◆ **Records from a dataset**

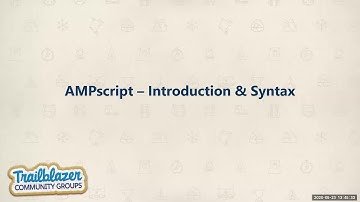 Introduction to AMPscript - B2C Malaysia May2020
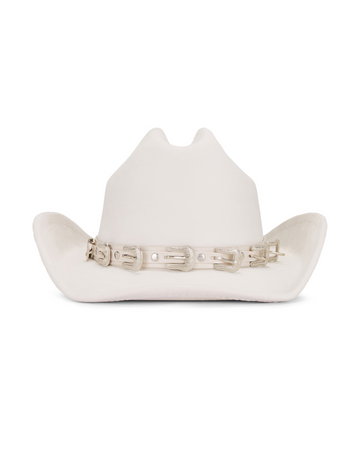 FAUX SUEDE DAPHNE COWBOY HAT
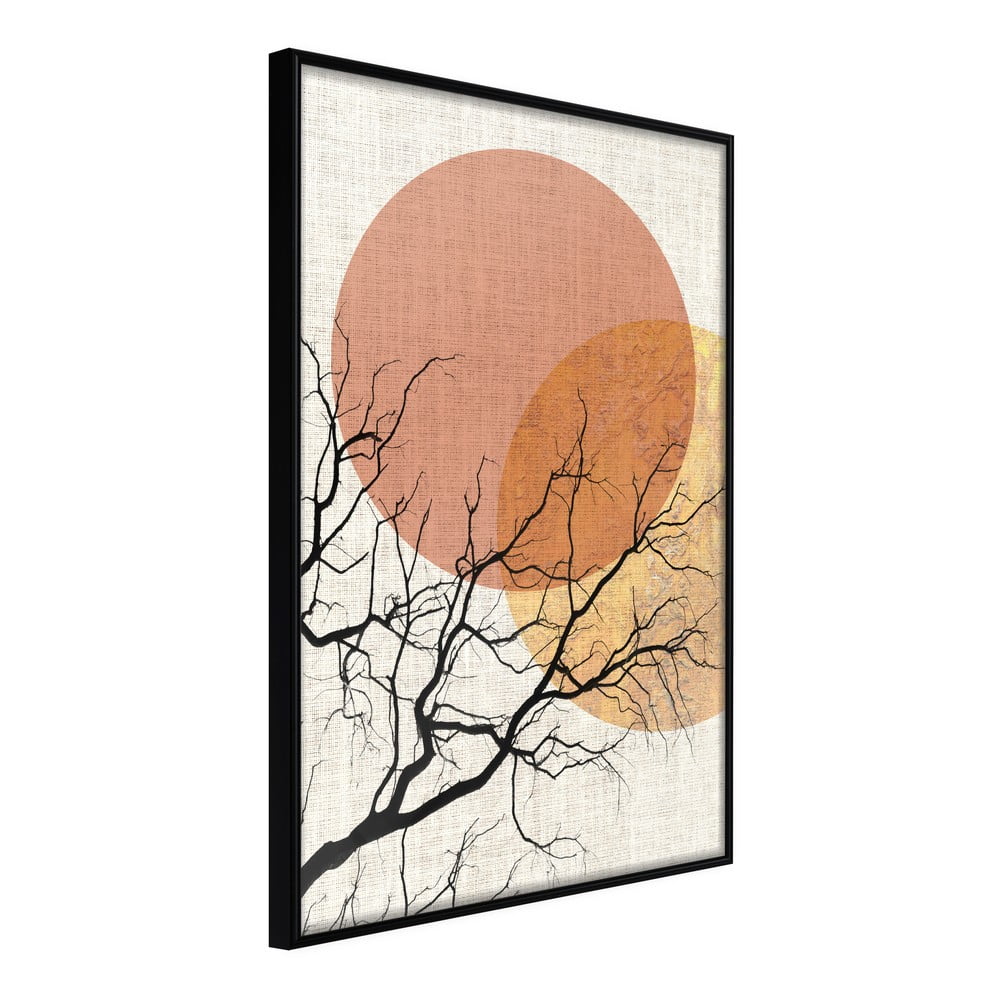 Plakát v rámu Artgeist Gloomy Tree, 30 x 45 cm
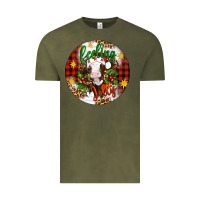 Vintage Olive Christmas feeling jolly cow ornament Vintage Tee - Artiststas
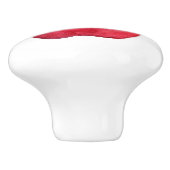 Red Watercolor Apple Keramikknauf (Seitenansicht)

◆ **YOUR GOAL**
From the first line to the last, restate the entries exactly, without pictures.

◆ **RESPONSE TO THE TASK**
 Introduction to AMPscript - B2C Malaysia May2020
 FAUX SUEDE DAPHNE COWBOY HAT
 Plakát v rámu Artgeist Gloomy Tree, 30 x 45 cm
 Vintage Olive Christmas feeling jolly cow ornament Vintage Tee - Artiststas
 Red Watercolor Apple Keramikknauf (Seitenansicht)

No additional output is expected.